TASK BRIEF >> Write out the lines below exactly, beginning at the one with "Мото ръкавици SHIMA SPARK 3.0 RED FLUO thumb" and stopping after the one with "Why Product, Marketing, and"; the pictures are not copied.

TASK MATERIAL >>
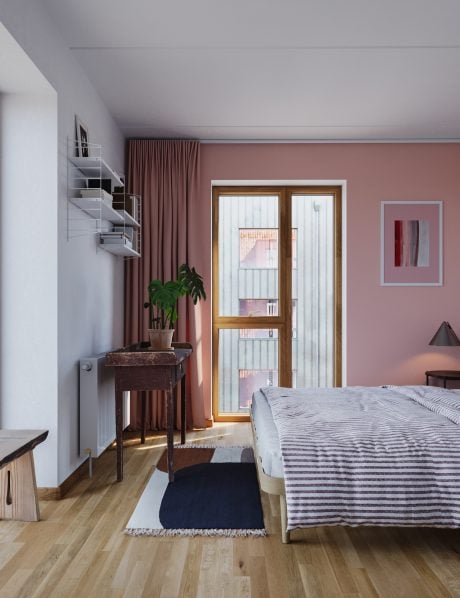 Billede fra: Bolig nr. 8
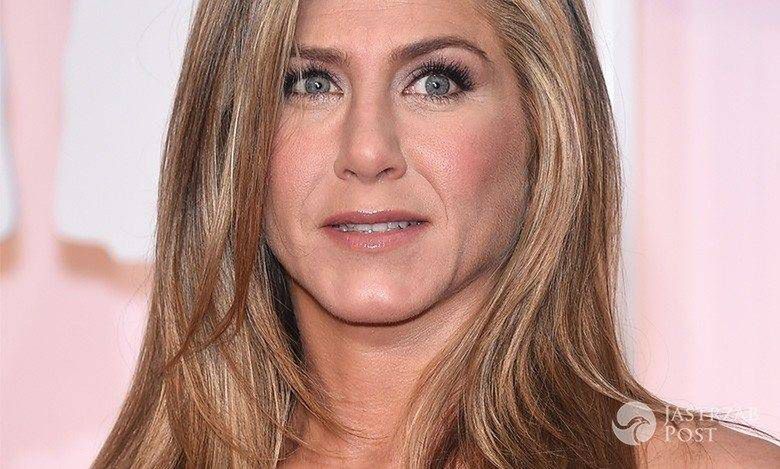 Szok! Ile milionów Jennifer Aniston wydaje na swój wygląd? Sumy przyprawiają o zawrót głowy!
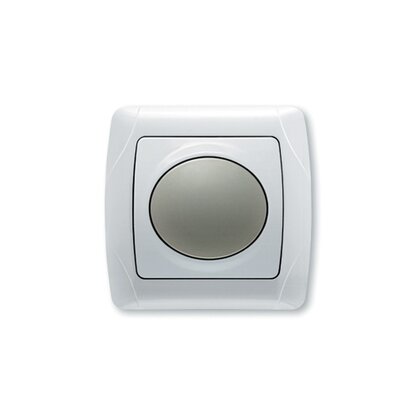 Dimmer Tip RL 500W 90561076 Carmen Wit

==

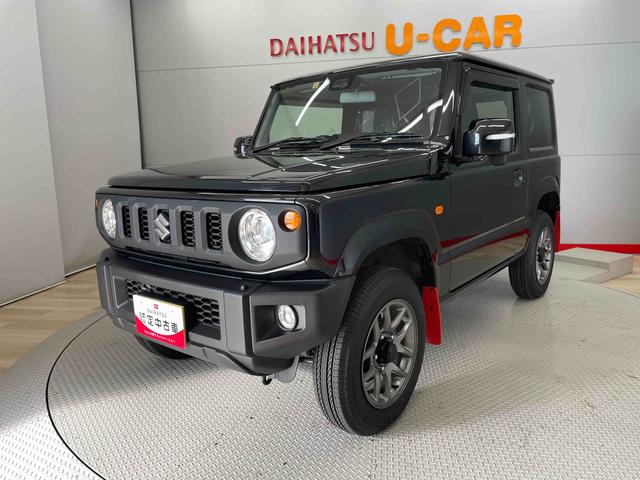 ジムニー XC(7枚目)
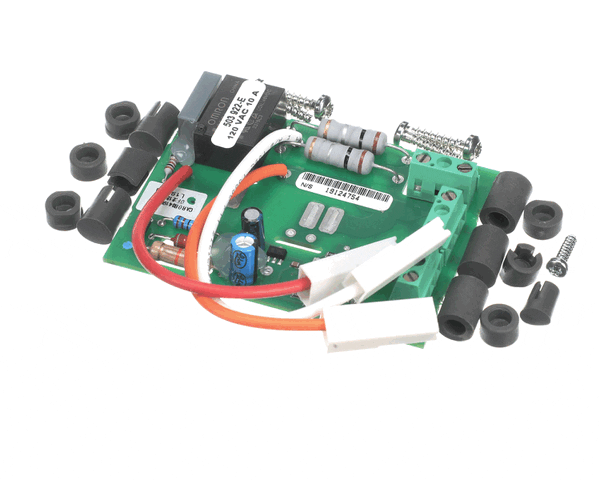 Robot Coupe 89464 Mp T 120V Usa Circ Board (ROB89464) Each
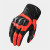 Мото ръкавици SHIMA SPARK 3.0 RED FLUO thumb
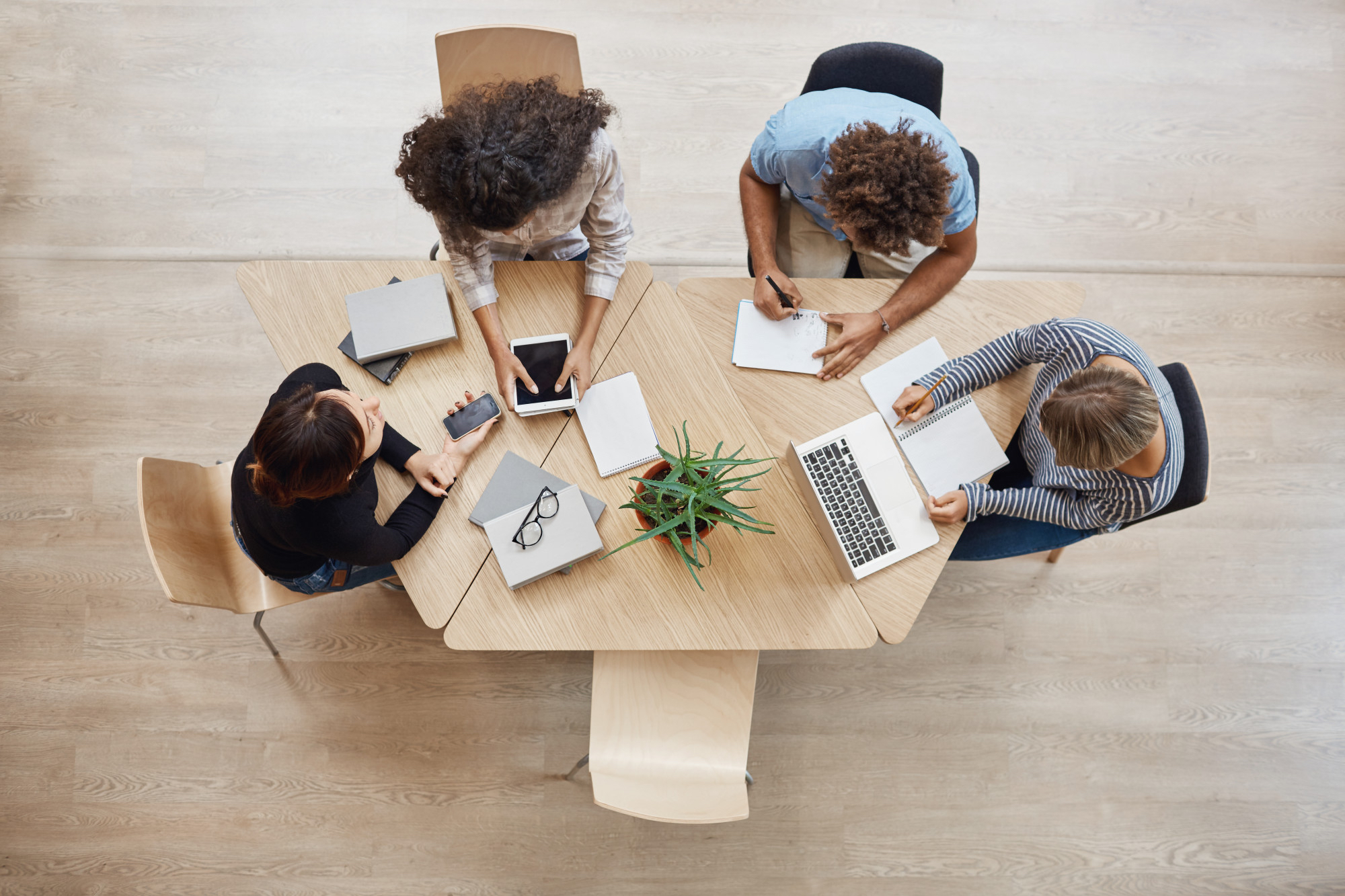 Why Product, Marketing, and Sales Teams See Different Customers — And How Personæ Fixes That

* * *

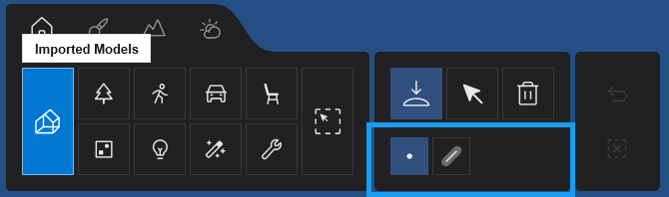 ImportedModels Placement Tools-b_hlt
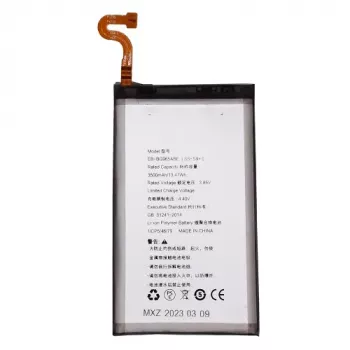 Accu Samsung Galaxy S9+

SOLUTION TO THE EXERCISE >>
 Мото ръкавици SHIMA SPARK 3.0 RED FLUO thumb
 Why Product, Marketing, and Sales Teams See Different Customers — And How Personæ Fixes That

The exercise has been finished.